• Collection entries

________________

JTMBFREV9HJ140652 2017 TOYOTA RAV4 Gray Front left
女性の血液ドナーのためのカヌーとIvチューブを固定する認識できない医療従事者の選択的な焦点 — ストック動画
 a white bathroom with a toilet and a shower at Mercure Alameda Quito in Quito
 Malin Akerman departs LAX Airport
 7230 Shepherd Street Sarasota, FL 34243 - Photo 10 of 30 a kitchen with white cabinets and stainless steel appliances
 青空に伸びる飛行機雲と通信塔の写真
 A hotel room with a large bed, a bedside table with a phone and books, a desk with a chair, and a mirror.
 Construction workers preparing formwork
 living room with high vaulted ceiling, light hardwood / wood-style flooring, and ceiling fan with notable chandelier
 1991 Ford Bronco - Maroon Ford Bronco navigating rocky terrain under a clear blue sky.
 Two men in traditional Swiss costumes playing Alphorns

________________

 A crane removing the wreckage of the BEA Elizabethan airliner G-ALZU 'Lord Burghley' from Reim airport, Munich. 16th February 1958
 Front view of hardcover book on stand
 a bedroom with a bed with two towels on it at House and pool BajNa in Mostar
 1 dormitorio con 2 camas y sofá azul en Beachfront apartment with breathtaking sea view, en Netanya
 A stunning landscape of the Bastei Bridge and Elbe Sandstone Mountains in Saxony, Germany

________________

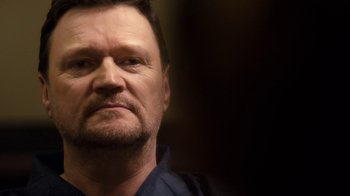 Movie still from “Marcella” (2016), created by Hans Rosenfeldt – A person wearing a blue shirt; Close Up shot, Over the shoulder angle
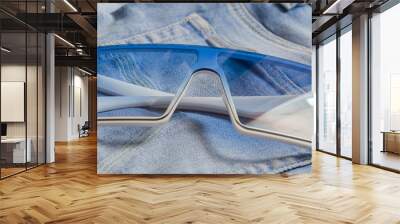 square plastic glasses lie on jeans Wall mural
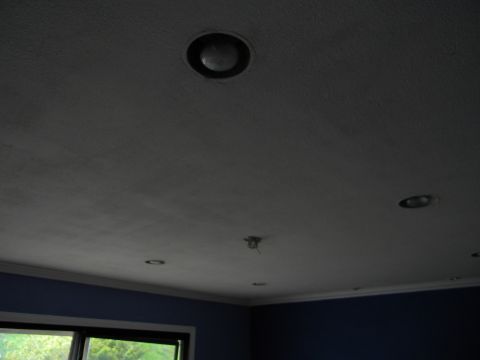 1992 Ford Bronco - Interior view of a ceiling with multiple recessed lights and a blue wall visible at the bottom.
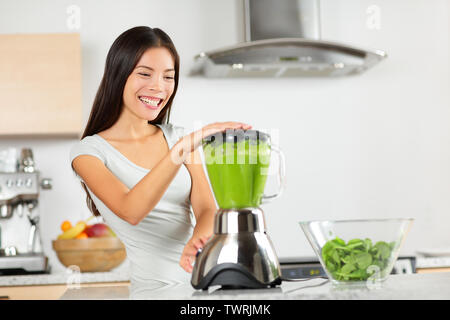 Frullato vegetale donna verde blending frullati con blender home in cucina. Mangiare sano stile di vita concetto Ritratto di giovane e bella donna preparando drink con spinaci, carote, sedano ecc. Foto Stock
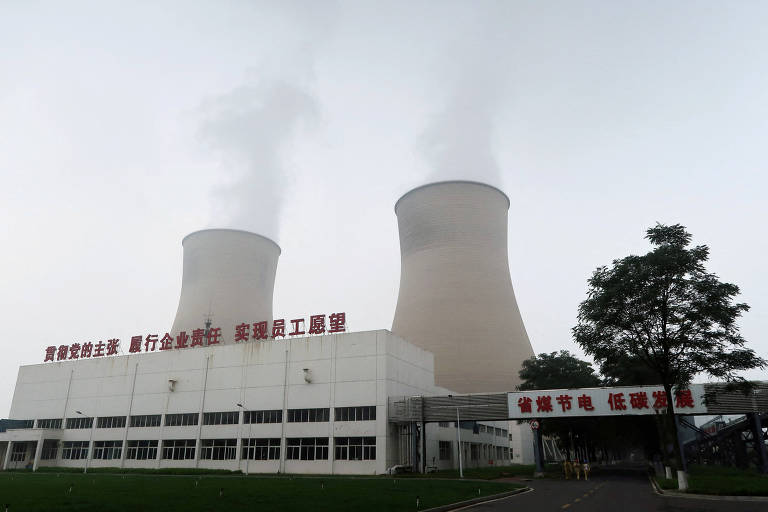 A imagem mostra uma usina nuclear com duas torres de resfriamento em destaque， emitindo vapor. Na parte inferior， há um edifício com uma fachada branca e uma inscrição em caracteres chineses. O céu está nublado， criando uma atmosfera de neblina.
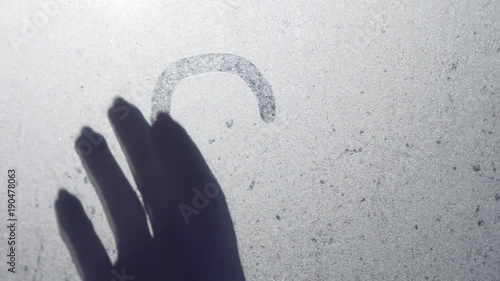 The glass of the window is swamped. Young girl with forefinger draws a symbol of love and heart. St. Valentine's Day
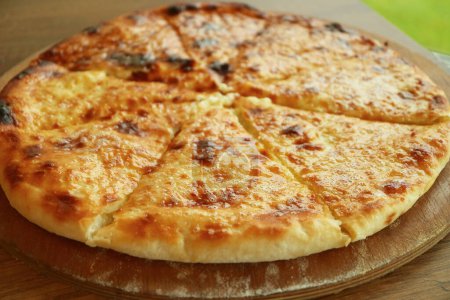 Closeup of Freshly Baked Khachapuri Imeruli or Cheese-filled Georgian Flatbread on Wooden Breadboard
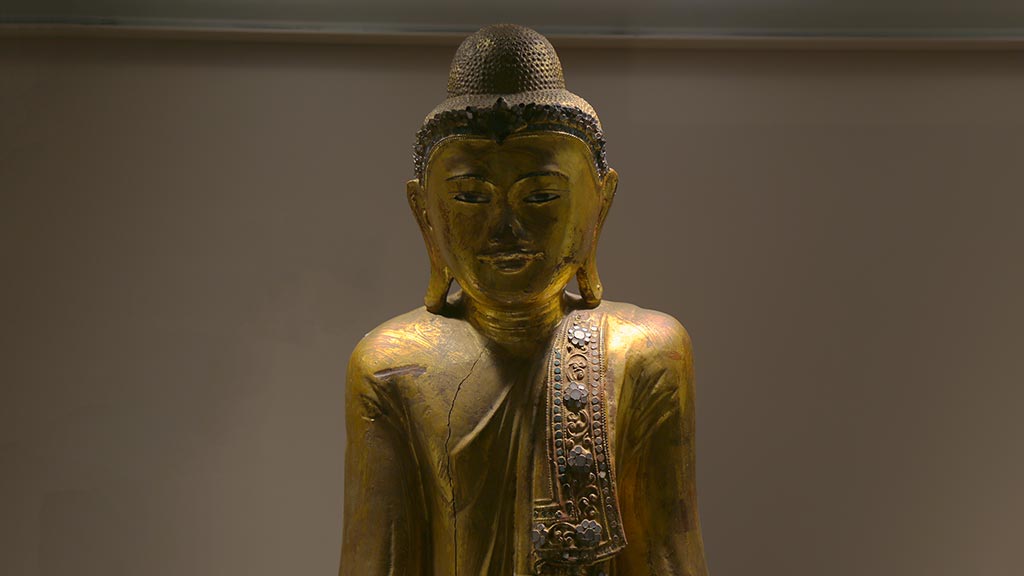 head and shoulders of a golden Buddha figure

________________

• Prompt
Print the lines above from the one with "a white bathroom" through the one with "Two men in traditional", both included, exactly as written and nothing more.

• Your response
 a white bathroom with a toilet and a shower at Mercure Alameda Quito in Quito
 Malin Akerman departs LAX Airport
 7230 Shepherd Street Sarasota, FL 34243 - Photo 10 of 30 a kitchen with white cabinets and stainless steel appliances
 青空に伸びる飛行機雲と通信塔の写真
 A hotel room with a large bed, a bedside table with a phone and books, a desk with a chair, and a mirror.
 Construction workers preparing formwork
 living room with high vaulted ceiling, light hardwood / wood-style flooring, and ceiling fan with notable chandelier
 1991 Ford Bronco - Maroon Ford Bronco navigating rocky terrain under a clear blue sky.
 Two men in traditional Swiss costumes playing Alphorns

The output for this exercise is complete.